### SOURCE MATERIAL ###

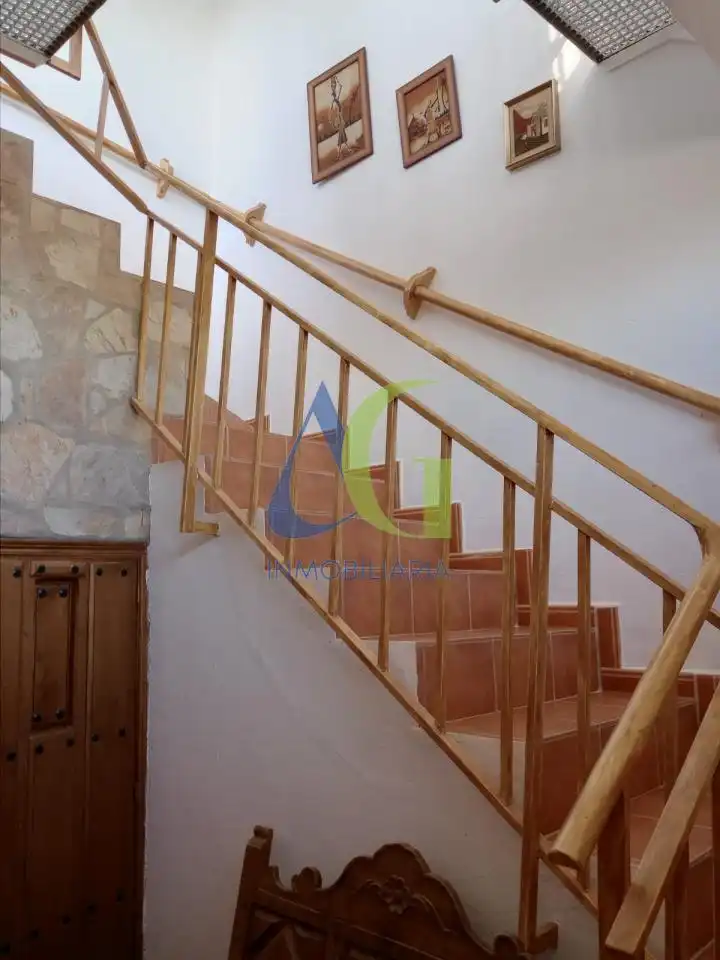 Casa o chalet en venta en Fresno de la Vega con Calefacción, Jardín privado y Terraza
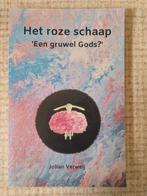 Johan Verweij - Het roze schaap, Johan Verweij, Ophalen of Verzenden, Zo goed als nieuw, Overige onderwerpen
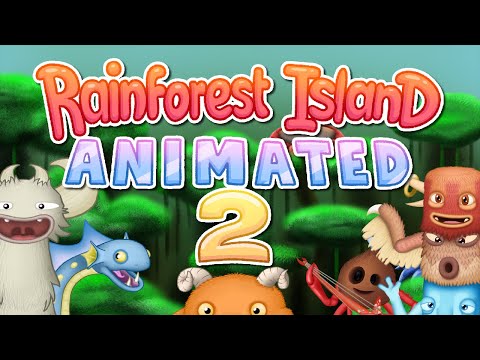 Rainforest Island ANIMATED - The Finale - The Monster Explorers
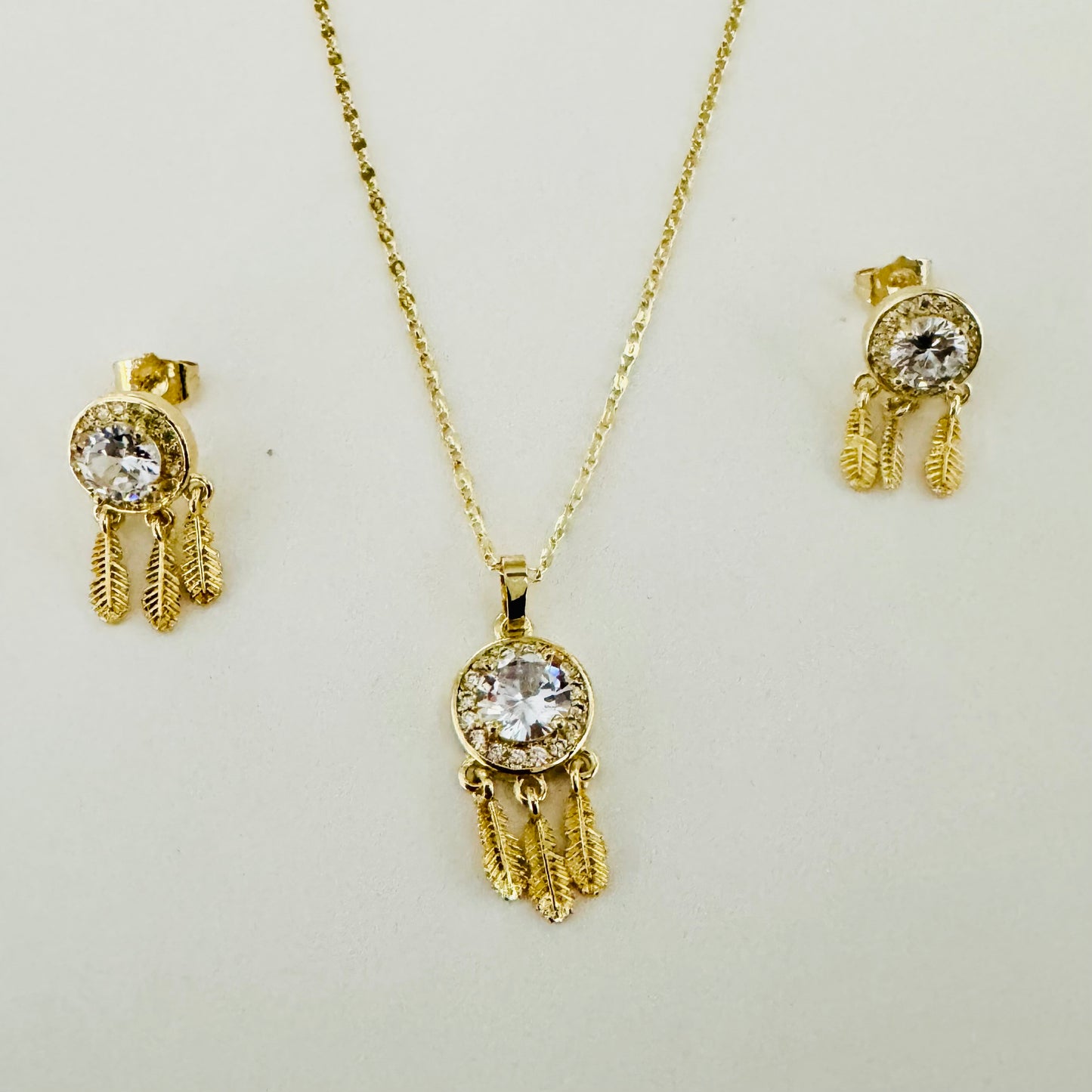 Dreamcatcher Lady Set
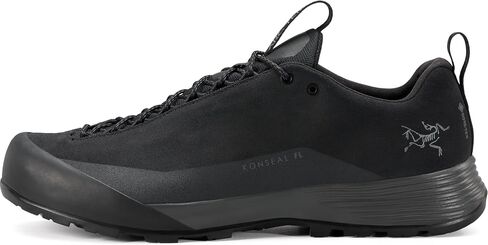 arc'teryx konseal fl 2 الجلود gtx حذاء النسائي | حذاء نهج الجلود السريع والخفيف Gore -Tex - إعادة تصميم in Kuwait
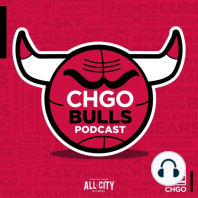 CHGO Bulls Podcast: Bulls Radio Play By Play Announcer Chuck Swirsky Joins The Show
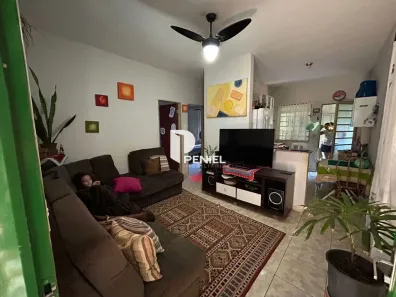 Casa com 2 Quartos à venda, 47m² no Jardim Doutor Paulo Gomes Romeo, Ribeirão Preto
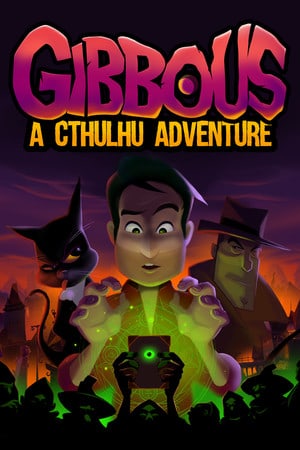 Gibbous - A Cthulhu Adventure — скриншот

###

TASK DESCRIPTION — Faithful copy, images left out: write out every line of data.

SOLUTION —
 Casa o chalet en venta en Fresno de la Vega con Calefacción, Jardín privado y Terraza
 Johan Verweij - Het roze schaap, Johan Verweij, Ophalen of Verzenden, Zo goed als nieuw, Overige onderwerpen
 Rainforest Island ANIMATED - The Finale - The Monster Explorers
 Dreamcatcher Lady Set
 arc'teryx konseal fl 2 الجلود gtx حذاء النسائي | حذاء نهج الجلود السريع والخفيف Gore -Tex - إعادة تصميم in Kuwait
 CHGO Bulls Podcast: Bulls Radio Play By Play Announcer Chuck Swirsky Joins The Show
 Casa com 2 Quartos à venda, 47m² no Jardim Doutor Paulo Gomes Romeo, Ribeirão Preto
 Gibbous - A Cthulhu Adventure — скриншот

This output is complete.